Treviso è un territorio che come pochi altri ha saputo amalgamare il fascino di scenari naturali e di preziosi contesti storico-architettonici con una forte crescita industriale e terziaria che l’ha portato ad essere una delle aree economiche più competitive del nostro paese.

Treviso sta vivendo un periodo felice come altri nella sua storia, ad esempio in epoca comunale quando divenne il centro più importante della cultura provenzale dell’Italia settentrionale.

Treviso trasmette ottimismo in chi la visita, sprigiona quell’atmosfera di cordialità e di amicizia che colpiscono e quasi sempre fanno innamorare. Il senso di ospitalità dei suoi abitanti è ormai proverbiale.

Treviso non esaurisce la sua carica attrattiva in un monumento simbolo. Il suo fascino è l’insieme.

Treviso: Ponte Dante

La città è percorsa da una miriade di corsi d’acqua che nascono da bolle di risorgive e si gettano nel Sile, il suo fiume, e che appaiono e scompaiono dentro il tessuto urbano, del quale costituiscono l’inconfondibile elemento paesaggistico.

Treviso vanta un numero notevolissimo di antichi edifici dalle facciate affrescate, che formano un continuum decorativo inimitabile, un ciclo di affreschi a cielo aperto.

La città serba una molteplicità di luoghi urbani irripetibili, dedicati al passeggio, al tempo libero e alle occasioni per gustare le prelibatezze di una cucina che sa coniugare la raffinatezza con i gusti decisi.

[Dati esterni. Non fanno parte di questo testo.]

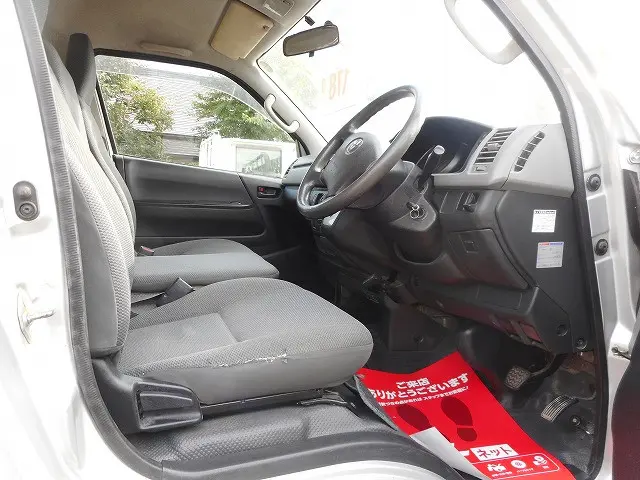 トヨタ ハイエースバン LDF-KDH206V(4WD)の写真10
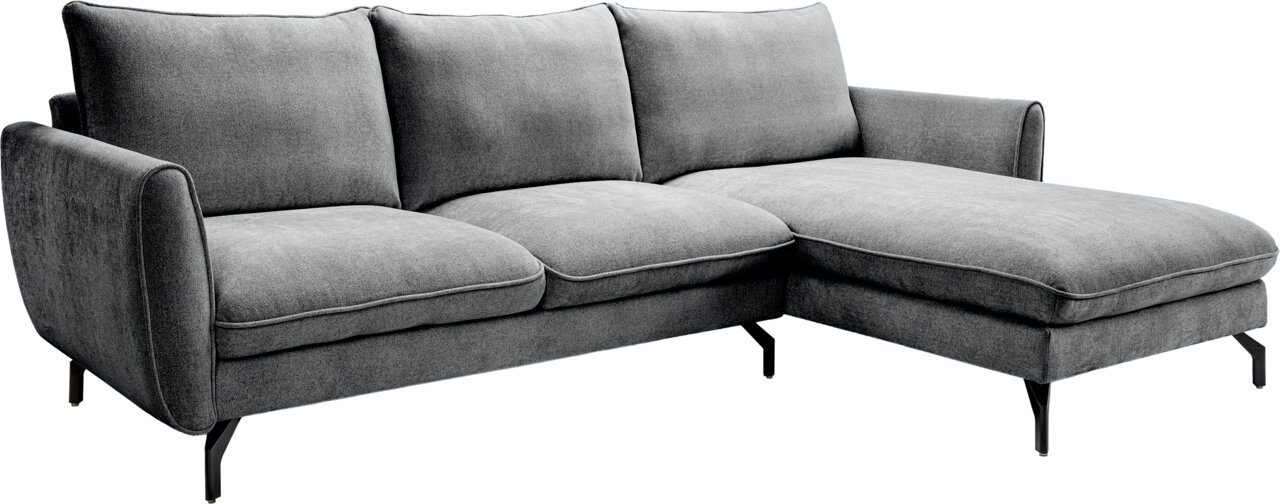 MID.YOU Ecksofa TORONTO Graues L-förmiges Ecksofa mit Recamiere rechts, drei Rückenkissen, breiten Armlehnen und schwarzen Metallfüßen, in schräger Frontansicht von links auf weißem Hintergrund.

Treviso è anche una vera città d’arte. Vi operò Tomaso da Modena, uno dei più grandi pittori del Trecento, lasciando testimonianze vigorose nel tempio di S. Nicolò, nell’attigua Sala del Capitolo del Seminario vescovile e nella Chiesa di S. Caterina (ora museo), dove spicca il suo ciclo delle ‘Storie di S. Orsola’. Riccamente affrescate sono anche le chiese di S. Lucia, in Piazza S. Vito e di S. Maria Maggiore, nell’omonima piazza.

Duomo di Treviso

Il Duomo, dall’imponente facciata neoclassica conserva all’interno, oltre alla cripta medioevale, opere del Tiziano, del Pordenone e di P. Bordon. Accanto al Duomo sorge il battistero dell’XI sec., con affreschi di impronta bizantina.

Calmaggiore Treviso

Il salotto della città è ‘Piazza dei Signori’, su cui converge il ‘Calmaggiore’

(probabilmente l’antico cardo romano), l’arteria più signorile. Nella Piazza  sorgono numerosi palazzi; fra questi la ‘Torre campanaria’ e il ‘Palazzo dei Trecento’, il cui imponente e ricco salone è accessibile attraverso una monumentale scalinata. Dietro la Piazza vi è la suggestiva ‘Piazzetta del Monte’, con il ‘Monte dei Pegni’, la cui ‘Cappella dei Rettori’ esibisce opere del Fiumicelli e del Pozzoserrato. Oltre questi luoghi si aprono gli splendidi angoli della ‘Pescheria’, del ‘Canale dei Buranelli’ e di ‘Piazza Rinaldi’, da dove si raggiunge l’austera Chiesa di S. Francesco. Se S. Nicolò è l’imponente Chiesa dei domenicani (all’interno, fra le altre opere, vi è un paggio sull’altare maggiore attribuito a Lorenzo Lotto), S. Francesco è la casa dell’altro ordine monastico, più frugale e più mistica.

Altre chiese della città sono quella di S. Agostino (l’unica in stile barocco), quelle di S. Leonardo e di S. Gaetano e di Santa Croce, all’interno dell’ospedale Vecchio, dove è assolutamente da vedere una ‘Processione con la reliquia della Croce’ di Bartolomeo Orioli.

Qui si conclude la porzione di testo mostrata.